They’ve added three boys to their crew and our kids fell right in just like we fell right in with Tyler many moons ago. 

Six days passed in a flash. It was too fast. There are things that I’m missing and missed doing. It was a whirlwind. 

We left Washington via Tacoma Narrows bridge and headed straight to Mount Rainer National Park. The entire time we were in Washington, the sun shone bright and warm. The kids thought it was paradise. We tried to explain that that was not normal. They were not buying it. As we drove East, the rain fell. The cool fell. The clouds fell. They saw it with their own eyes. And as we drove through Rainier, we begged time to stand still so we could hike for days, but we didn’t have time and we said, “WE MUST COME BACK!” 

And like that, we were in Oregon. Through the night into Utah. And at sunrise, we woke the kids to drive into Arches National Park. Glory.

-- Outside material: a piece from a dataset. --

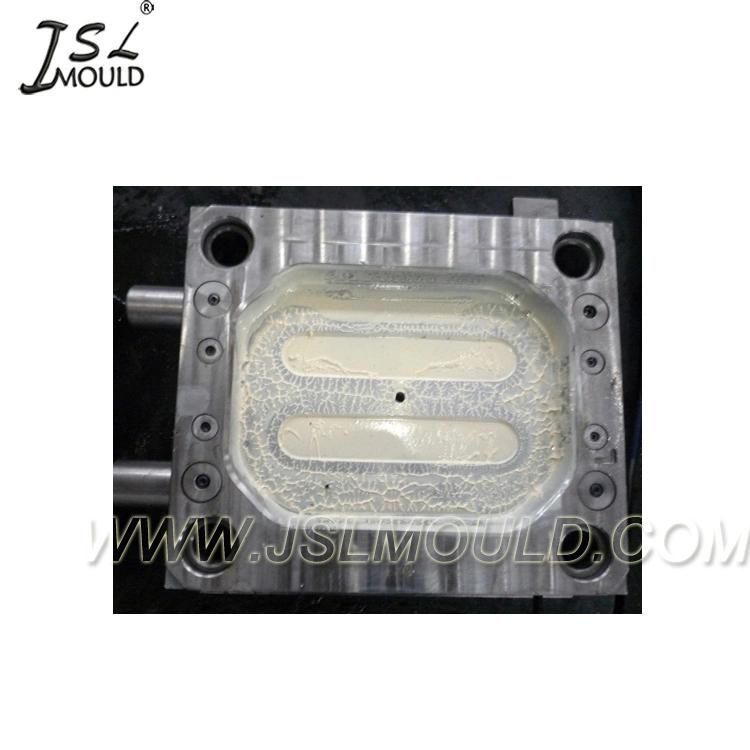 Customized Injection Plastic Broom Mould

Only Glory. And heat!

In the span of 24 hours, we had seen the windy pines and volcanic mountains of the far west and the rosey red desert boulders bursting from the earth in Utah. Mad tired and glad to stop and walk, we took the kids to the arches. We walked through giant walls of dry rock. The heat beat down on us, and pushed us back into the van for more miles. We were on a mad mission to make it to Colorado to meet George’s sister for a camping adventure.